While a general and powerful mime handler would be nice, and is
probably the right thing to do in terms of the long-term
development, I think that one can get most of the benefit from a
much simpler solution.  A few months ago I hacked together a mime
handler with the goal of making the stuff that comes from Outhouse,
AOL, etc. look like plain-text mail, as well as enforcing
prohibitions on postings images and other binaries.  The handler is
based on the mimetools library; it discards sections with certain
mime types specified by per-list regexps, and removes multipart/*
wrappers that become redundant after the stripping.  Nothing fancy,
but it has cleaned up 95% of the crap on our lists -- mostly
text/html but also the occassional image/* or application/*.
(Ripping out text/html works because so far it's always accompanied
by corresponding text/plain, except for contributions from
spammers, the deletion of which is a feature.)

I was going to post the patch, but haven't gotten around to
upgrading from 2.0beta6 and porting the code.

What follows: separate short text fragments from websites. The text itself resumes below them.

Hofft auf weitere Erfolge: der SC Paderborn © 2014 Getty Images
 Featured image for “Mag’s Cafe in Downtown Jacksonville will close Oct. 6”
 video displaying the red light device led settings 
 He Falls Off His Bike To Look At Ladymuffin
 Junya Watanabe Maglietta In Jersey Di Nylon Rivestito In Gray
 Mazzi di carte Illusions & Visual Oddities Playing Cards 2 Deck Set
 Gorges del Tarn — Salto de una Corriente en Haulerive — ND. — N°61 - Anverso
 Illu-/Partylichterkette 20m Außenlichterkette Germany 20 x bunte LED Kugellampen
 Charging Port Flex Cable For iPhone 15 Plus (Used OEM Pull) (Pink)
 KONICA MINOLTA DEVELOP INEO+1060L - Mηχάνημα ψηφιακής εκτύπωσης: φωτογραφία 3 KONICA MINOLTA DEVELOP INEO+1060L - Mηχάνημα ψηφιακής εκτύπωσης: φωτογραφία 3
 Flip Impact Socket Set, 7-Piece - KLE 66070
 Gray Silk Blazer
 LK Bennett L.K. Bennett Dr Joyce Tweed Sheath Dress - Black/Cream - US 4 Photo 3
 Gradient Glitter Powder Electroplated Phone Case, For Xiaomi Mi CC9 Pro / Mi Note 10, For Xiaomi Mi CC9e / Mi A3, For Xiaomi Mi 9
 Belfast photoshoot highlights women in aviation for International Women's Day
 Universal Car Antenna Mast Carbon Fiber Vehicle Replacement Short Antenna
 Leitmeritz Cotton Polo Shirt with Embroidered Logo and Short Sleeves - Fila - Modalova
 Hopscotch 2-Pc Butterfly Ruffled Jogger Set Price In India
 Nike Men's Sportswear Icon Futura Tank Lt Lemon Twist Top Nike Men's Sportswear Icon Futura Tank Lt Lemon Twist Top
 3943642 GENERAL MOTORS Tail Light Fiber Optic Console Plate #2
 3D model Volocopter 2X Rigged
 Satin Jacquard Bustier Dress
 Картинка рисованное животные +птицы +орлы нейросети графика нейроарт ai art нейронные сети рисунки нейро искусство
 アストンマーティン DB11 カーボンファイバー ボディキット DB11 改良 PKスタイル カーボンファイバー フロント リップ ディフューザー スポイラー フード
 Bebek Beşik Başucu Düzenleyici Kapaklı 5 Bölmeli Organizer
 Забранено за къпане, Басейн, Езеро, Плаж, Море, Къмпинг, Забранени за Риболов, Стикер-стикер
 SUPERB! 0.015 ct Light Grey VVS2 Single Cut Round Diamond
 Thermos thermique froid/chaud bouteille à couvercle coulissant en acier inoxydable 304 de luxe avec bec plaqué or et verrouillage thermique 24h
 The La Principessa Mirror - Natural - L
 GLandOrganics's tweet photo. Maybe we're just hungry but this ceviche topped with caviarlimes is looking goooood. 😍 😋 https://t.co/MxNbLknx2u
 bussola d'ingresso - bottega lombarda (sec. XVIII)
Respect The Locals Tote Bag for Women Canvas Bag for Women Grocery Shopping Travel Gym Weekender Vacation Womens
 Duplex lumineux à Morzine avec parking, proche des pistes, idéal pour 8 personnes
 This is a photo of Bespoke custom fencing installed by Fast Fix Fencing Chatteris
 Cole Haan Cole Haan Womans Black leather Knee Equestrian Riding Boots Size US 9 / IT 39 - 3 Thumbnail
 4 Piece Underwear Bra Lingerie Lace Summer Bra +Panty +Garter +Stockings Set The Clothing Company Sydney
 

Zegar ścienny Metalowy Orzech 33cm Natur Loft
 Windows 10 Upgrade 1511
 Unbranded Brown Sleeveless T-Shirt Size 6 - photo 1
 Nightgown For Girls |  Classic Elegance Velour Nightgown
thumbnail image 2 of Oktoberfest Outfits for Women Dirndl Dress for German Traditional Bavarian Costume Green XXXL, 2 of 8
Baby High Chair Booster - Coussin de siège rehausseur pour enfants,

I agree that the UI for list admins to define what to do with what,
is likely to be the most challenging part of good general-purpose
solution.  The simple mime handler is useful, I think, because
although there's an awful lot that can be done with mime encoding,
the vast majority of email traffic these days comes from just a few
MUAs and is very pedestrian, mime-wise.  Having a good set of
canned defaults corresponding to these common cases should work
pretty well.

  -les  les@2pi.org